When people talk about the deficit, they almost always use the "pain" metaphor.


So this is just a popular idea: Take the pain now, be redeemed.

The good news is that in economics and when talking about the deficit it doesn't need to work that way! Fixing the debt is painless!

That's because the primary driver of deficits is a lack of growth.

A chart that everyone needs to have seared into their brains is this one, which shows the deficit as a percentage of GDP (red line) vs. the unemployment rate (blue line).


For 60 years (!) the pattern has held. When unemployment drops, the deficit as a percentage of GDP drops. When unemployment rises, the deficit rises.


This chart shows spending as a percent of GDP (red line) vs. the unemployment rate (blue line). Want to get the red line down to its historical range closer to 22 percent of GDP? Improve the unemployment rate! This makes total logical sense, of course, since lower unemployment implies reduced spending on all kinds or programs.


With zero actual "belt tightening" over the last few years, the deficit as a percent of GDP has been falling at its fastest pace since WWII, all thanks to people re-entering the workforce, and the pain of the economy being reduced.

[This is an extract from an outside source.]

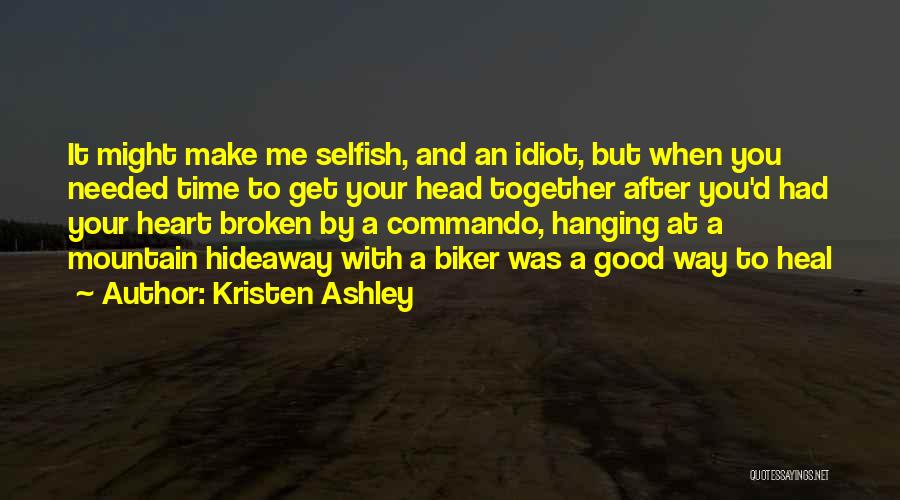 Good Head And Good Heart Quotes By Kristen Ashley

In the debate over fiscal policy, you frequently hear liberals argue: "It's not time to deal with the deficit, we need to fix the economy first and then fix the deficit when the economy is stronger." While this has merit as a political concept, it's actually giving into a false frame that dealing with the deficit and dealing with unemployment are two separate things that you do at different times. Steps you take to improve unemployment are deficit reduction measures, as the above chart from IBD shows. While the government has done, technically, nothing to address the deficit in the last few years, the deficit is shrinking (relative to GDP) merely because the economy has improved, and more people are going back to work. If unemployment drops to 7 percent, or 6.5 percent, or 6 percent, we'll get quite a bit of deficit reduction then.


So what about taxes then? If closing the deficit and getting more revenue as a percent of GDP is all about growth, then why do we have to raise taxes on anyone?

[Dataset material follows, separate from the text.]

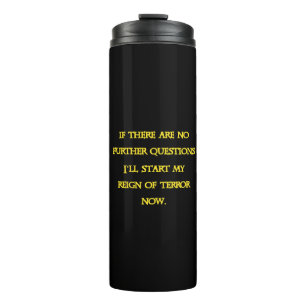 Funny Dark Humour - Tyranny Starts Now Thermal Tumbler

Here it's probably best to think of Fiscal Policy not as a tool to create revenue and close deficits, but as a tool to shape society by incentivizing some kind of activity (e.g. tax credits for R&D), disincentivizing other kinds of activity (sin taxes) and redistributing wealth (progressive taxation). All of this is controversial stuff, but there's almost nobody on either side of the political spectrum at this point who doesn't favor some kind of redistribution of wealth so as to ameliorate extreme inequality. It's true that raising taxes on the rich to Clinton-era levels doesn't raise much revenue (just $40 billion a year, perhaps) but with income inequality at historical extremes (it's worse now than it was pre-crisis) it may still be a beneficial policy tool to smooth things out somewhat via taxes.